WHAT THE TASK REQUIRES: Go through the listing below and state how many of its lines include "Kendra". Write only that number.

MATERIAL PROVIDED:

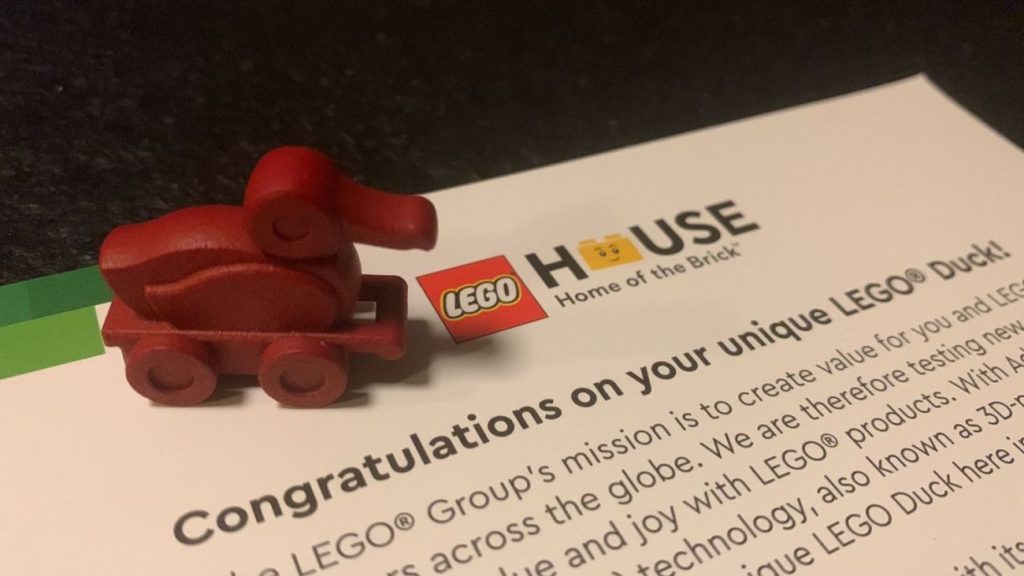 LEGO 3D Drucker: Ab November können Besucher im LEGO House drucken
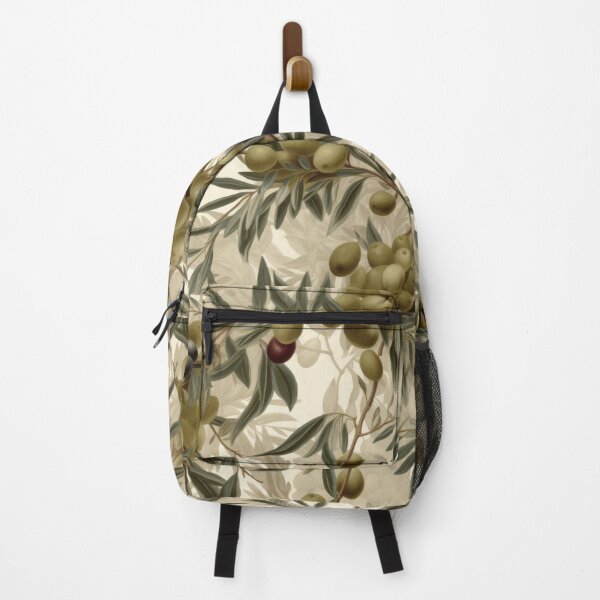 Item preview, Mediterranean Olive Branch Vintage Botanical Pattern designed and sold by pinkal.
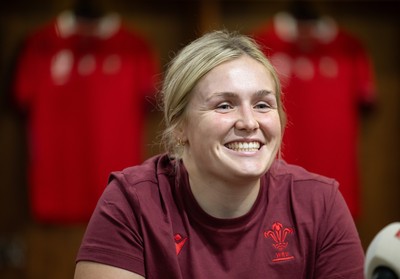 120825 - Wales Women Rugby World Cup Media Conference - during a media conference at The Principality Stadium ahead of the Rugby World Cup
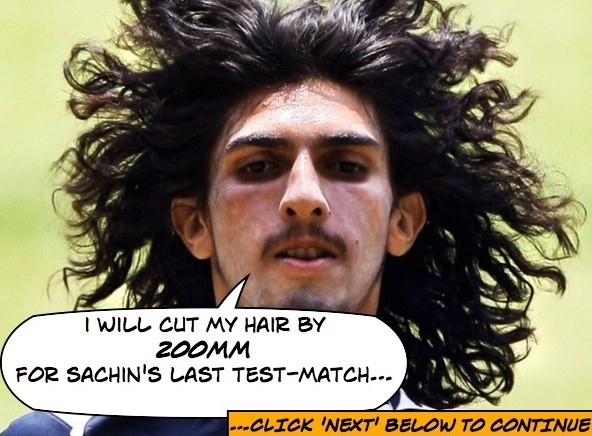 Ishant to cut his hair by 200mm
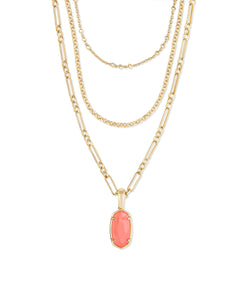Elisa Triple Strand Necklace Gold in Coral Illusion
Kendra Scott Multi Strand Necklace 
Kendra Scott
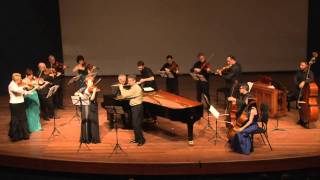 Bach Brandenburg concerto no 5 1st Movement [upl. by Nohsad]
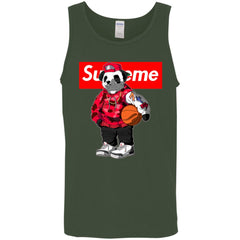 Supreme Bear Basketball T-shirt Men Cotton Tank Men Cotton Tank - parenttees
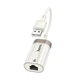 Адаптер переходник Hoco UA41, USB to RJ-45, 100 mbps, apricot - изображение 2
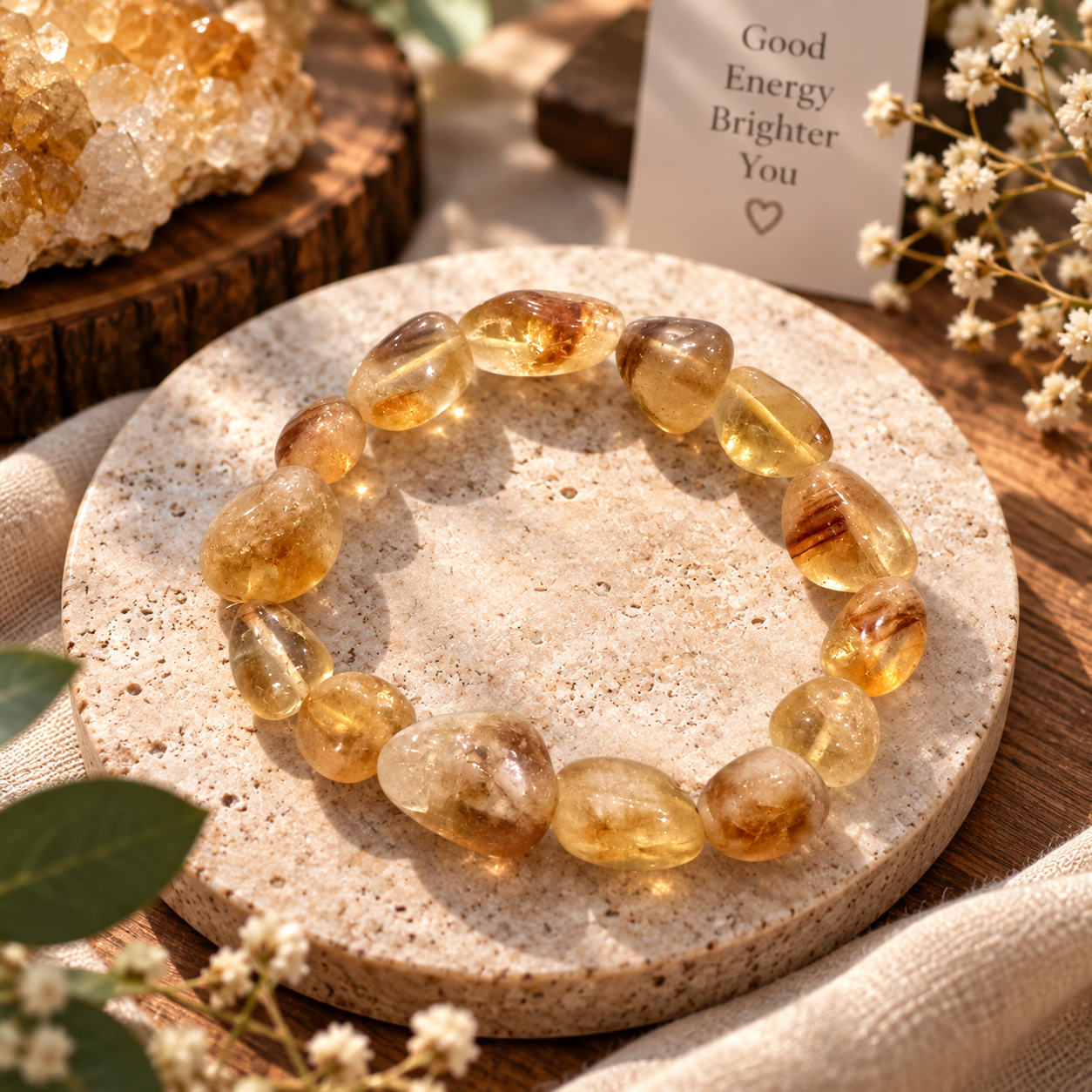 Natural Citrine Tumble Bracelet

EXERCISE OUTPUT: 2